TASK BRIEF
Omit the pictures while printing every entry below exactly as given.
══ TASK INPUTS ══
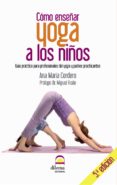 COMO ENSEAR YOGA A LOS NIOS  (5 ED.) di CORDERO, ANA MARIA 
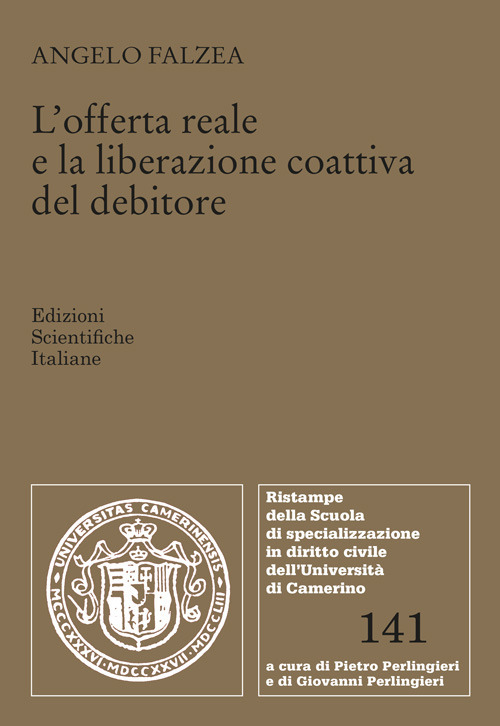 L'offerta reale e la liberazione coattiva del debitore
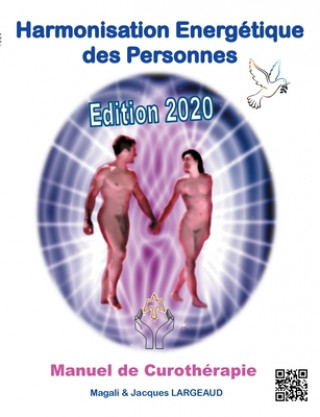Kniha Harmonisation Energetique des Personnes Magali Koessler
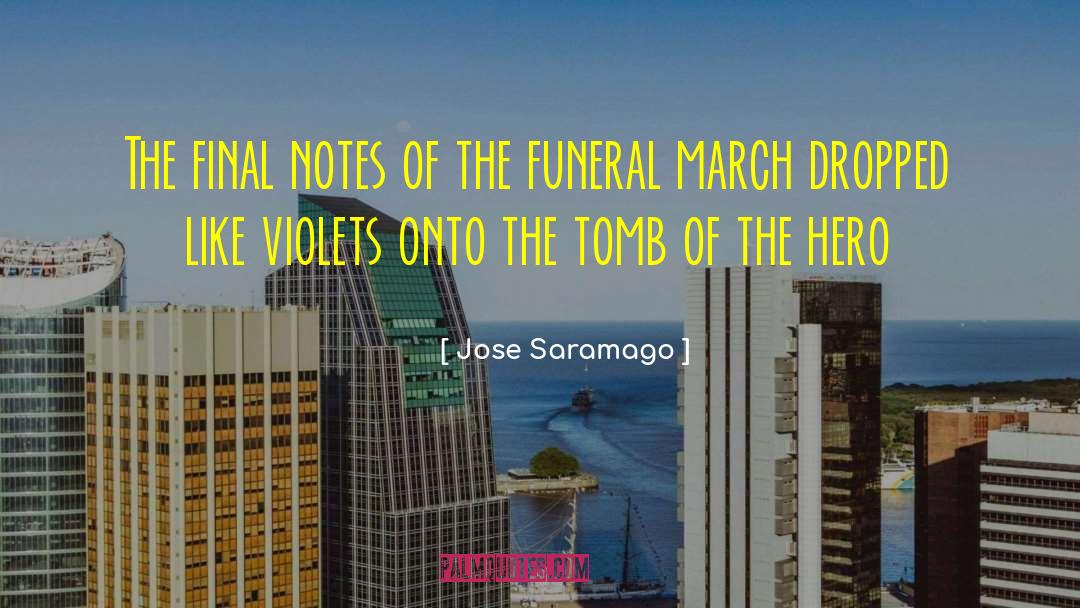 Jose Saramago Quotes: The final notes of the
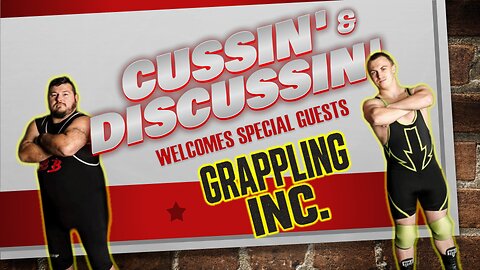 GRAPPLING INC. VISITS THE BEST DAMN COMMENTARY TEAM - LIVE!!! - CUSSIN’ & DISCUSSIN’ - #57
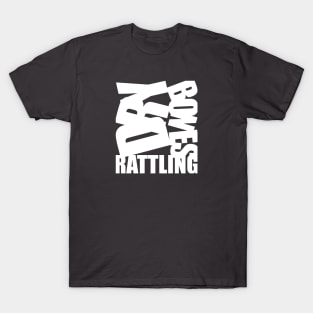 Dry Bones Rattling T-Shirt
═══
ANSWER TO THIS EXERCISE
 COMO ENSEAR YOGA A LOS NIOS  (5 ED.) di CORDERO, ANA MARIA 
 L'offerta reale e la liberazione coattiva del debitore
Kniha Harmonisation Energetique des Personnes Magali Koessler
 Jose Saramago Quotes: The final notes of the
 GRAPPLING INC. VISITS THE BEST DAMN COMMENTARY TEAM - LIVE!!! - CUSSIN’ & DISCUSSIN’ - #57
 Dry Bones Rattling T-Shirt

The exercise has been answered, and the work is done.